Wednesday, October 28, 2009

And today I smell like olive oil

I really, really, really hate yardwork. No, I don't, actually. Let me amend that to say "I really, really, really hate yardwork when I also have to watch three kids."

I wouldn't mind yardwork if I didn't have to stop every two seconds to yell at a kid. "Get out of the street!" "Don't eat those berries! They're poisonous!" "Don't ride your trike down the hill!" (That last one is a real scary one, considering our driveway is a hill of death.)

Our lot is really strange. We live in a ravine. Pretty much, the roof of our house is at street level. We have the steep, scary driveway, and our front yard consists of a huge multi-leved limestone terraced flower bed that faces our house. It would really be a beautiful feature if someone had the time and/or energy and/or motivation to deal with it, but I don't so it looks like crap.

So anyway, I put off yardwork pretty much all summer. Mario did some barebones mowing, but otherwise, we let the weeds take over. We live on a wooded lot, so a weed filled flowerbed pretty much just blends in with the surroundings (at least that's what I tell myself to justify my laziness)

But yesterday I decided to finally attack the weeds, or at least clear them away enough to make way for the new mulch. What we do at our house of 8 gazillion oak trees is shred the leaves with the mower and use the shredded leaves for mulch in the flower beds(this year we got a leaf shredder so I'm actually kind of excited about that) I'm very happy with the oak leaf mulch idea because it is super free, we don't have to worry about disposing of our leaves, and if more leaves get blown into the flower beds during the winter, I don't have to rake them out in the spring. They match!

I pulled out the dead day lillies and hostas and weeds in about half of the terraced area. I was trying to untangle the vines and vines of wild black raspberry that grows everywhere and it was making me crazy. It was all looped into these awful thorny bushes the previous owner planted. Those bushes kept grabbing at me and finally I just grabbed the hacksaw and cut them all down. I felt very she-woman, but I know they'll just grow back to torment me next year.
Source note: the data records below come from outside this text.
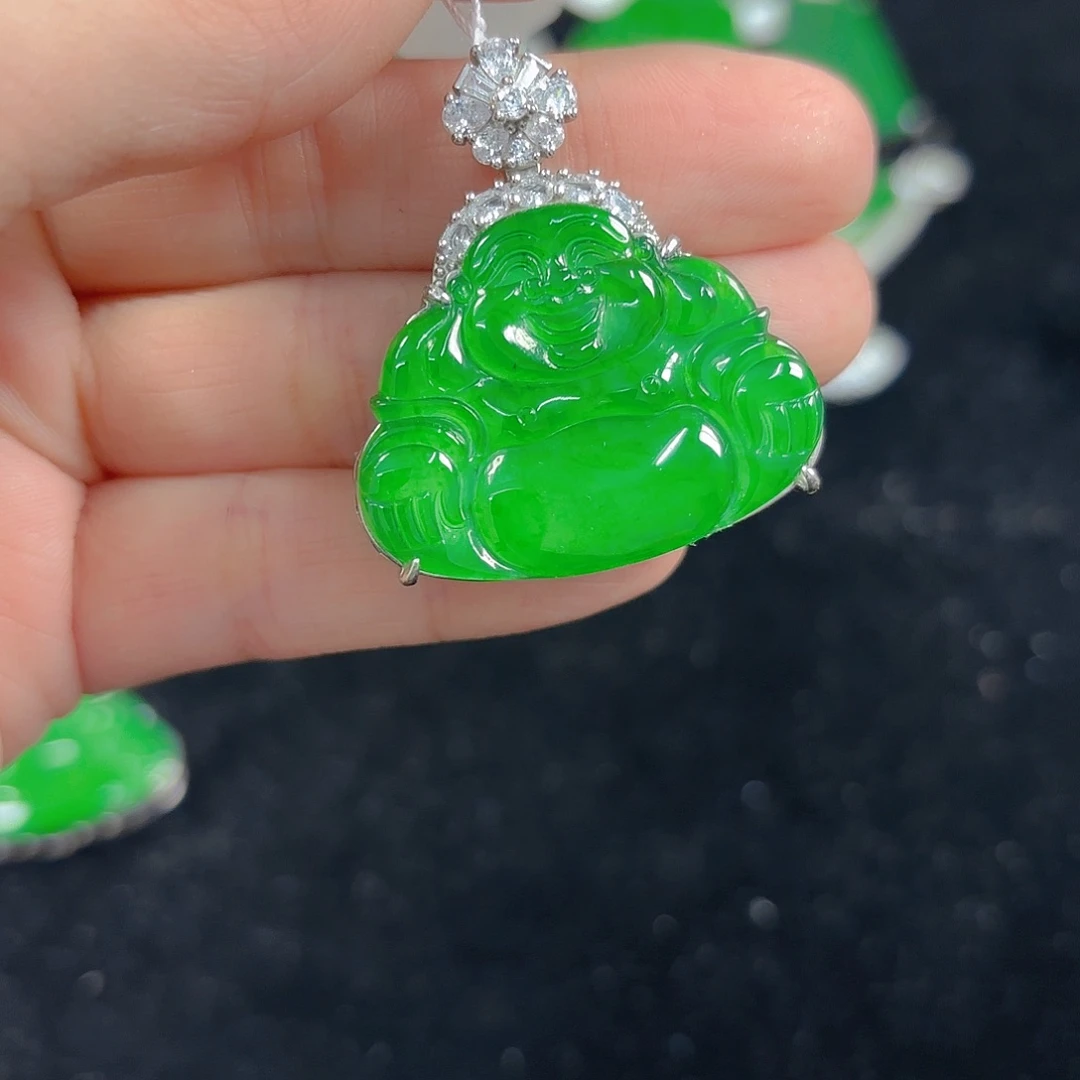 翡翠银S925镶嵌吊坠(不含链)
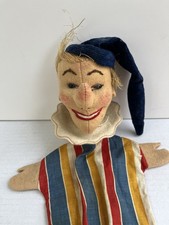 Vintage German Kersa Hand Puppet Felted Face Straw Good Condition Jester Clown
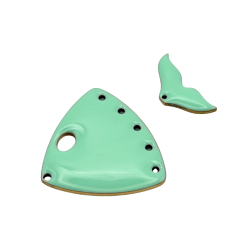 Testa di pesce con coda verde acqua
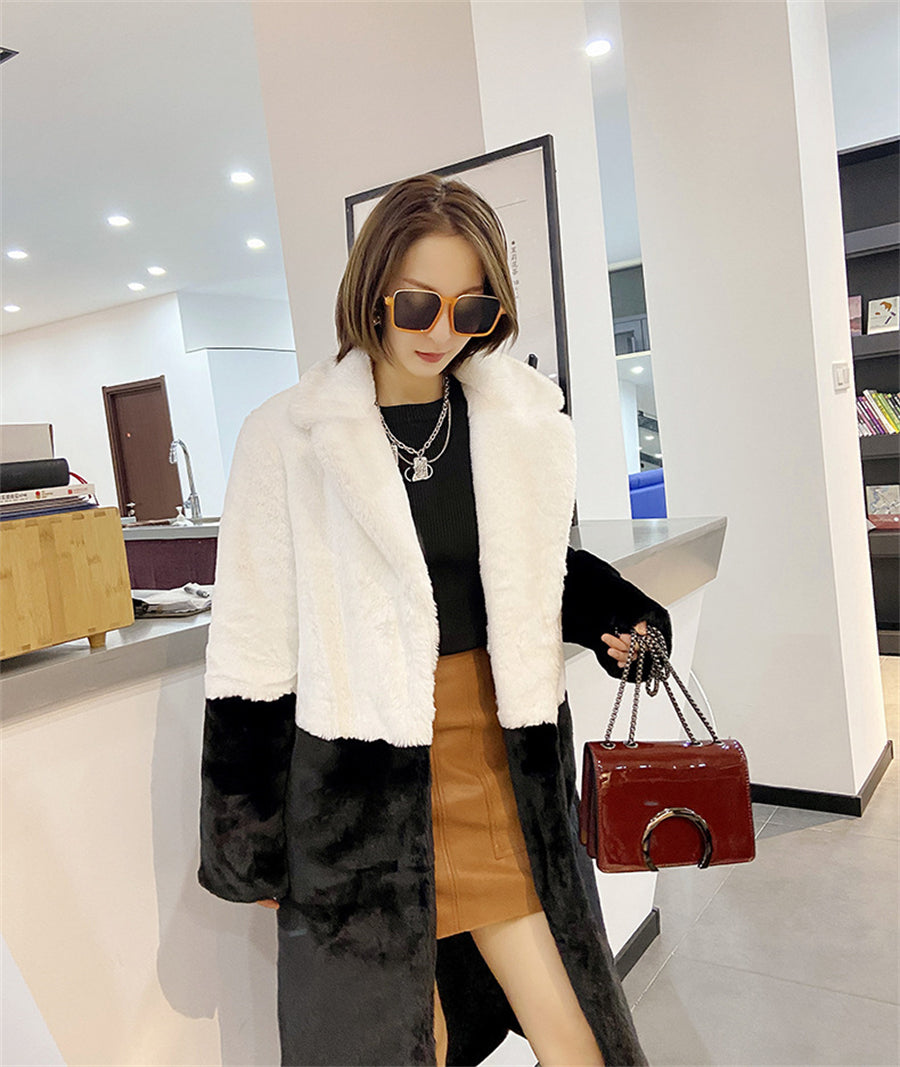 TWO TONE FUR COAT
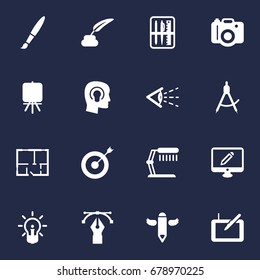 Set Of 16 Constructive Icons Set.Collection Of Writing, Arrow, Brush And Other Elements.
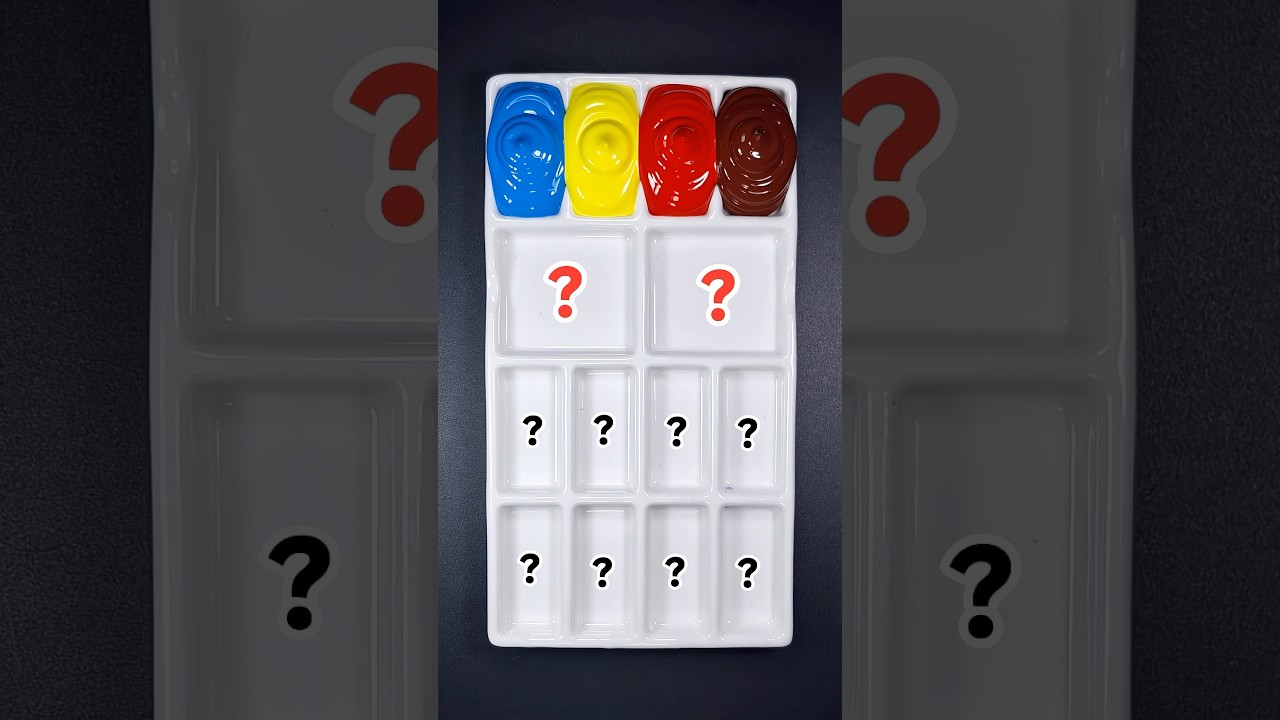 Making 10 Colors with Only 4 Primary Colors Red, Yellow, Blue and Brown #colormixing #shots
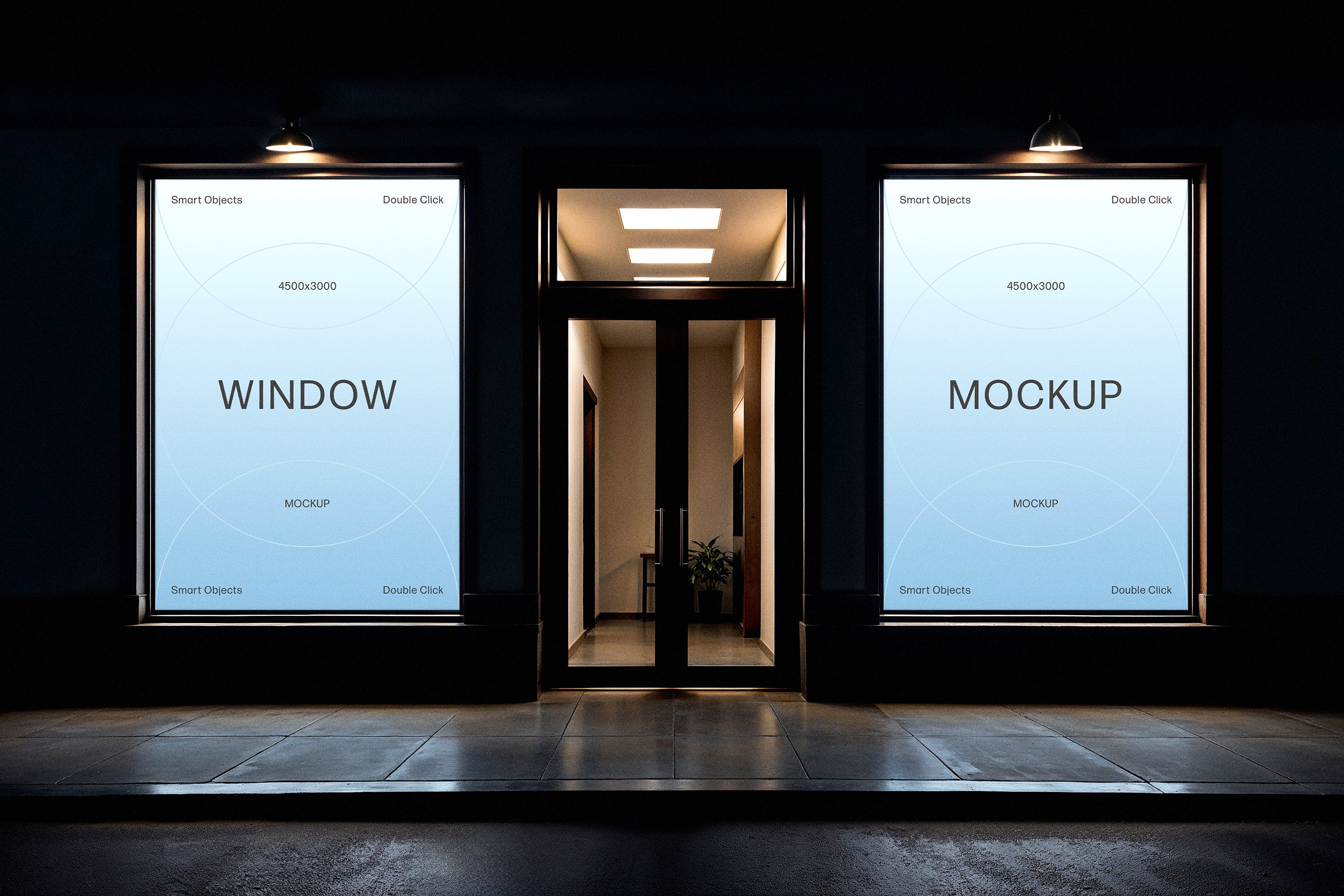 2 Outdoor Window Posters Mockup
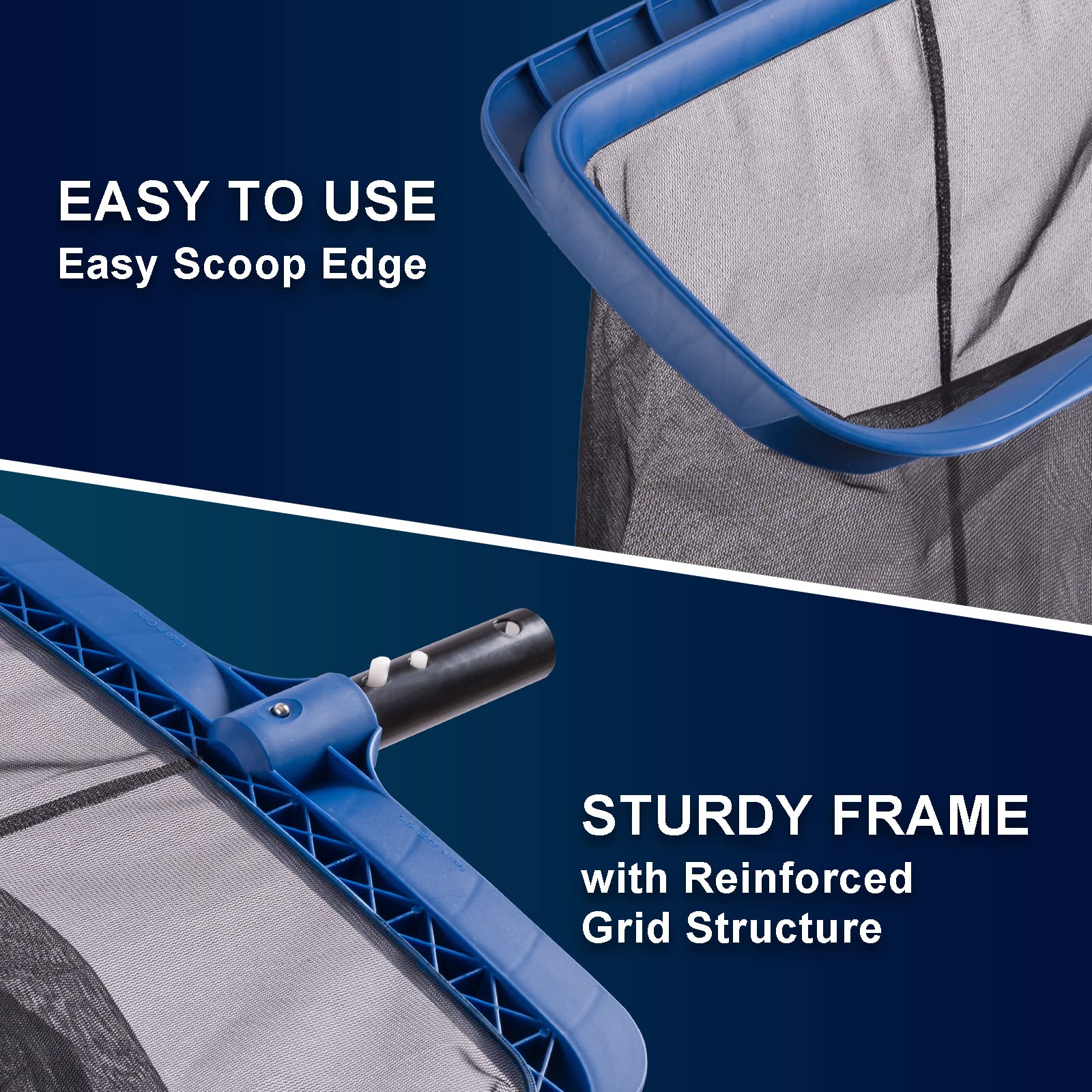 Poolaza reinforced-frame skimmer net for long-lasting debris pickup.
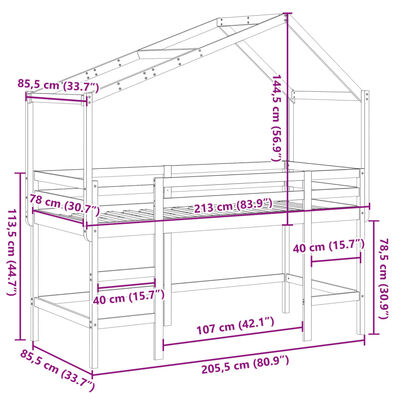 vidaXL Letto Soppalco con Scala e Tetto Bianco 80x200 cm Massello Pino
Today I cleared out the other half, and it sucked. Whoever planned out the terracing was real stupid because there is no way to access most of this without doing some billygoat-ish type of climbing. Anyway, with my climbing, I climbed headfirst into a big cockleburr plant.

My whole head was covered in burrs, but I kept going. I knew if I stopped that I would never go back out to finish it so I just kept going, Medusa hair and all. A couple of hours later, I finally called it quits and went in to take a shower.

Those little suckers (literally) wouldn't come out! My head was a bird's nest of burrs and matted hair. I was very frustrated and near tears, and this close to just grabbing the scissors and going for the Kate Gosselin look when I decided to check online for other options.

There were many sites about getting burrs out of hair...no make that fur. It talked a lot about dogs with burrs, but I figured it was probably good enough. They recommeneded olive oil. So I oiled up my hair, and the burrs came out like that. Awesome. I rewashed my hair again, but I still kind of smell like olive oil. My Sicilian husband is bound to find me irresistable, eh?

1 comment:

  1. I poured a little olive oil into a pan yesterday and got bumped by a running child, so I smeared all the excess into my hands and up my arms and into my elbows. I smelled delicious all night.